What is being asked
Without pictures, retype the following entries exactly.

(The data begins)

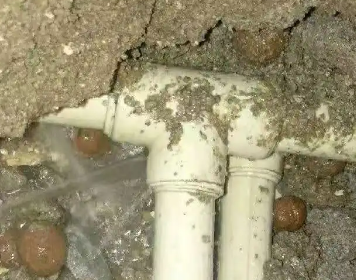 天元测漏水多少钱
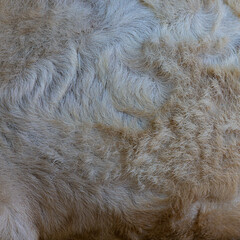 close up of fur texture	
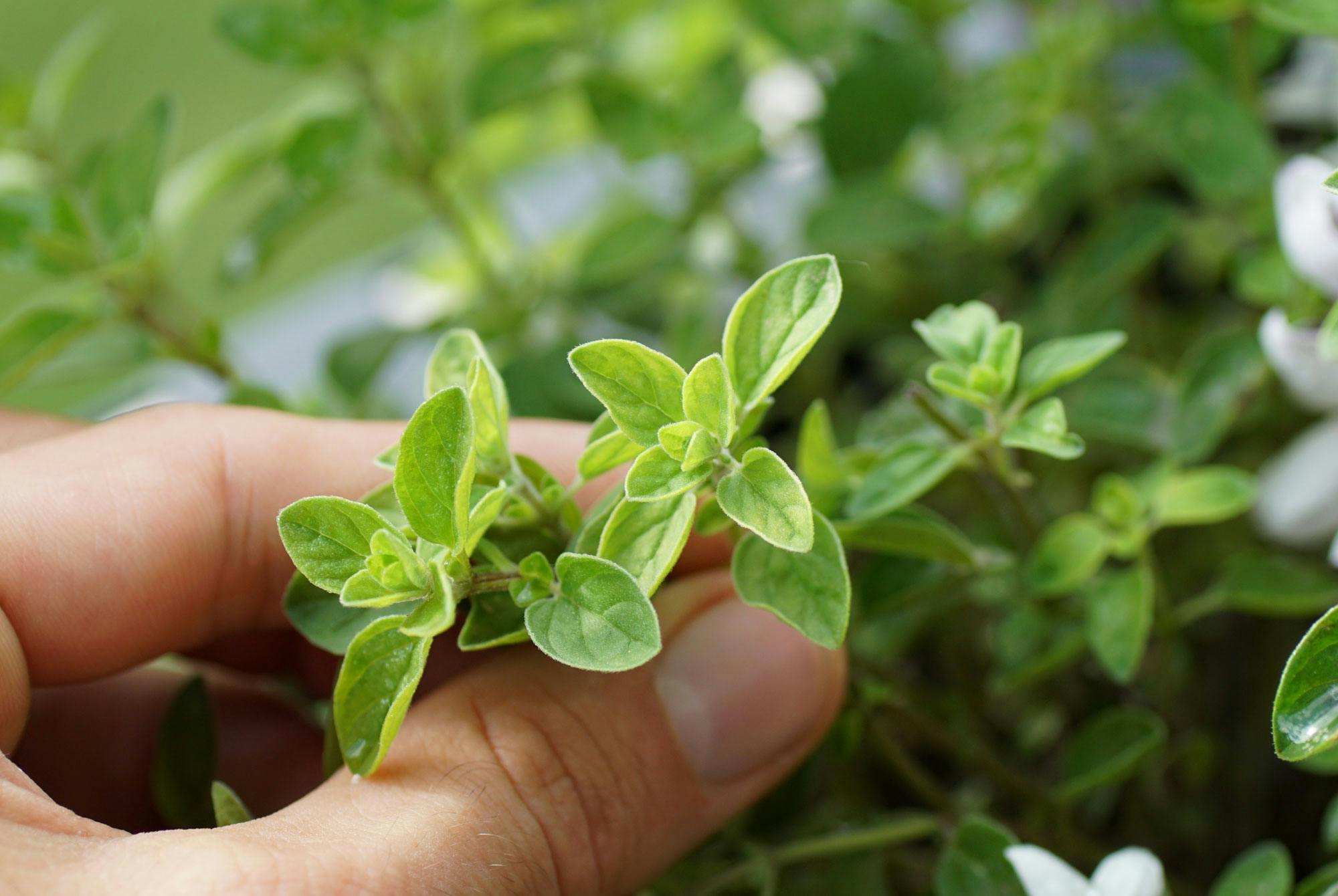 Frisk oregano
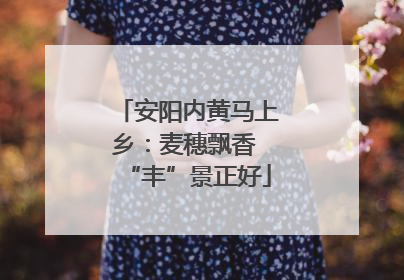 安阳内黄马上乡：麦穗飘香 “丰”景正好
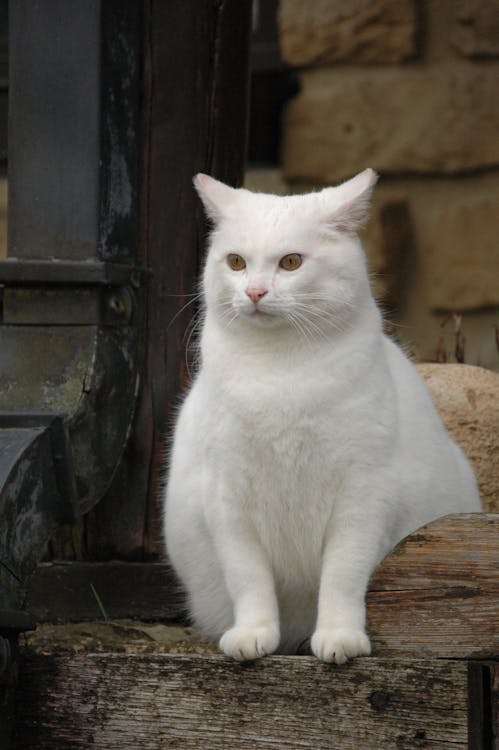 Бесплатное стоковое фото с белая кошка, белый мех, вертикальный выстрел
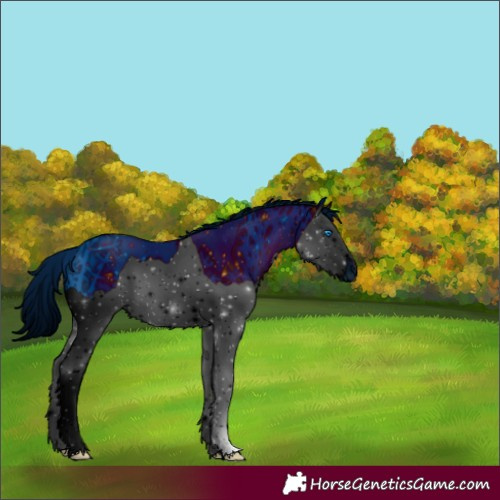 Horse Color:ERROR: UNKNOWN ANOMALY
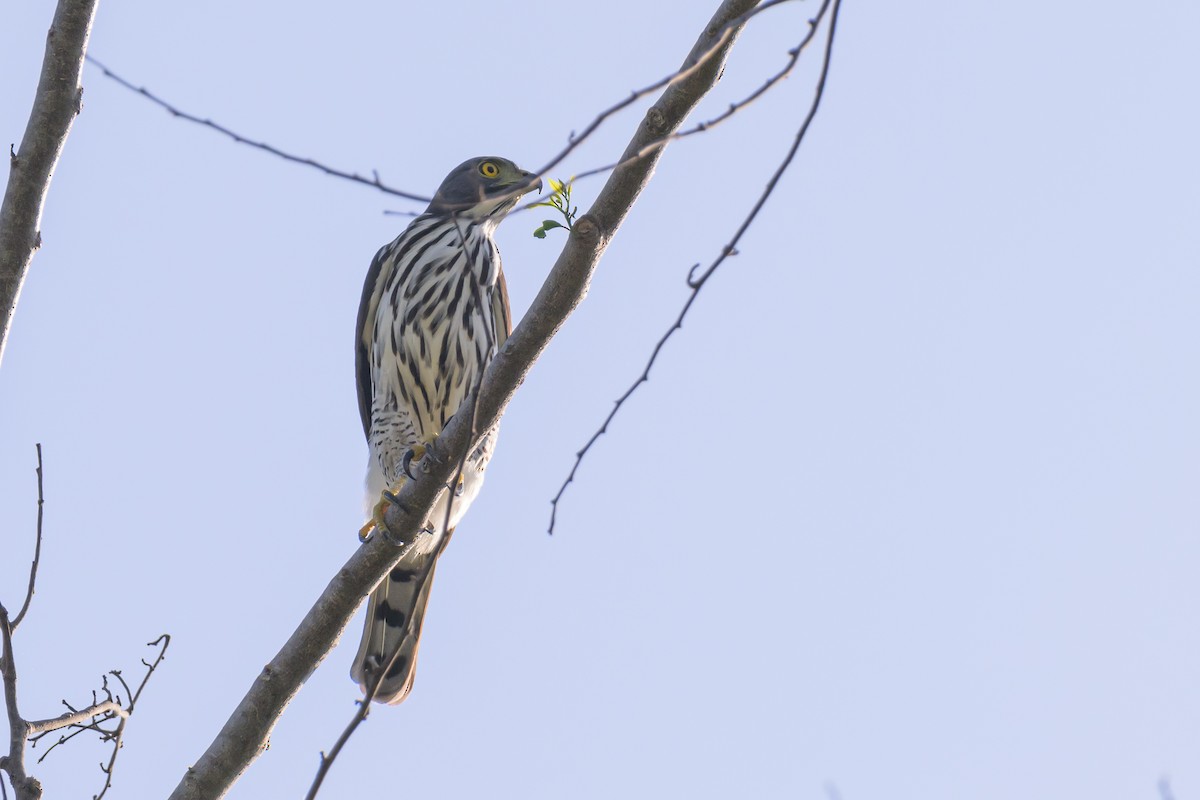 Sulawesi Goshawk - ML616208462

(The data ends)

Response area
 天元测漏水多少钱
 close up of fur texture	
 Frisk oregano
 安阳内黄马上乡：麦穗飘香 “丰”景正好
 Бесплатное стоковое фото с белая кошка, белый мех, вертикальный выстрел
 Horse Color:ERROR: UNKNOWN ANOMALY
 Sulawesi Goshawk - ML616208462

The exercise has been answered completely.